2004年に学校法人に転職して、しばらくしてみんながFDという言葉を使っているのに気がついた。
それは何ですか?と聞くと、「ファカルティ・ディベロップメントのことだ」という。
では、ファカルティ・ディベロップメントとは何ですか?と聞くと「教育改善のことだ」という答えが返ってきた。

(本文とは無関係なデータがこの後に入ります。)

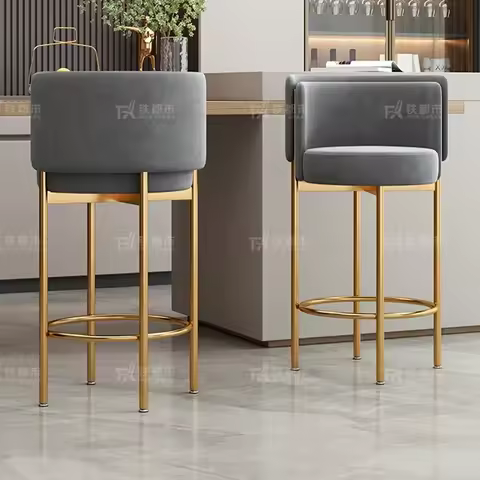 Luxury Chair High Bar Table Counter Stool Nordic Dining Chairs Swivel Velvet Stools Modern Design Ki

何度か書いてきたように、初年次演習や基礎ゼミというような授業をやらなくてはいけなくなっている大学が主に対象となる言葉だ。
今や偏差値50以上の私学でも、半分近くは内部進学や推薦、AOで入ってきているから対象になる。
有り体に言えば、昔の大学生ではないレベルの学生がどんどん入ってくる大学で、入った学生をどう育てるか、ということだ。
それをちゃんとしようとすると、FDが必要になる。

今の先生方はアカデミックなキャリアをつけるために、研究者の道を歩んできた。
通ってきた道には、「教育」という側面はあまりない。
研究スキルはあっても(それすら危うい人もたくさんいるが)、教育の方法など全く勉強したこともない、という人たちだ。
もちろんレベル差はあって、出た大学がちゃんと教育や指導のスキルを身に着けないとダメ、という方針でやっているところを出た人は、まだマシだ。
研究一筋でやってきた人でも、研究メインの大学に入れば大丈夫。
そういう大学では、先生が研究している背中を見て、学生は学ぶ力を持っている。
たとえ反面教師であったとしても、学生の力が高ければ、学ぶことが出来るのだろう。

ところが、偏差値50以下とか、内部進学や推薦、AOでたくさん入ってくるような大学に来ると、ややこしい。
学生の多くは、従来考えられている大学生ではないのだ。
「最高学府」というような言葉とは無縁の世界。
まず高校までの基礎知識の量が違う。
私語が多く、先生の話を聞かない。
授業中はスマホをいじっている。
でも、単位が欲しいから授業には出席する。
経済的理由からバイトをしており、学校にいるのは授業の時間だけ。
だから、そういう学生に教える事は、教員が受けてきたようなやり方では無理だ。
そういう訓練を受けていないし、やり方もわからない。

だから、ファカルティ・ディベロップメントという言葉が出てきた。
そうしないと、教育ができないということだ。

授業評価アンケートというのも、FDの一つ。
学生の声を聞いて、授業のやり方を変えよう、ということだ。
こういうのは、ぼくらの時代にはあり得なかったもの。

授業公開というのもある。
他の人の授業を見て参考にしたり、指摘をしたりする。
こういうのは、参加を義務化しないと、ほとんど来ない。
FDの報告のためにやっている、ということになりがちだ。

事例の紹介というのもある。
どこの大学でも、FDに熱心な先生がいる。
そういう先生を呼んできて、講演を聞く。
これも義務化しないと、ほとんど聞きに来なかったりする。
来ても、それを参考にして、授業を変えるというような殊勝な教員はほとんどいないのが通例。

多くの下位の大学にはFD委員会というのがある。
いやいや学長や学部長がメンバーになっており、お茶を濁して1年か2年やって終わり。
持ち回りでやっているという感じだろう。

実際、2008年には文科省が大学設置基準でFDを義務化した。
その当時は、これでようやく大学もよくなる、とぼくは思っていた。
しかし、その程度のことで改善できるようなギャップではなかったのだ。

結局、下位の大学で、FDを本気でやるのなら、大学教員養成課程でも作って、大学生のレベルに応じた教授法を教えるとか、そんなことをしないとイケナイんだろう。
教員を入れ替えて、ちゃんと私語に対して対処し、厳格に成績をつけ、学生のケツを叩き、やる気にさせる、そんな熱血大学教師をたくさん育てないといけない。

それがぼくが10年間大学で過ごして得た結論。